━━━ DATA SECTION
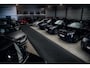 BMW X6 xDrive40d M-sport / pano / B&W / M-seats / Massage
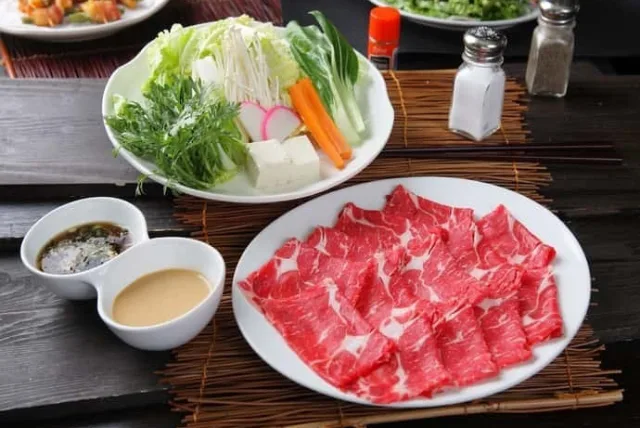 快気祝いこそ肉!国産黒毛和牛や上質なブランド和牛を堪能できるおすすめギフト5選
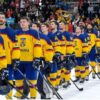 Naționala României retrogradată în Liga 3 după eșecul de la ultimul Campionat Mondial!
━━━━━━
**YOUR OBJECTIVE:** Reproduce every line above exactly as written, omitting the images.

**RESPONSE TO THIS TASK:**
 BMW X6 xDrive40d M-sport / pano / B&W / M-seats / Massage
 快気祝いこそ肉!国産黒毛和牛や上質なブランド和牛を堪能できるおすすめギフト5選
 Naționala României retrogradată în Liga 3 după eșecul de la ultimul Campionat Mondial!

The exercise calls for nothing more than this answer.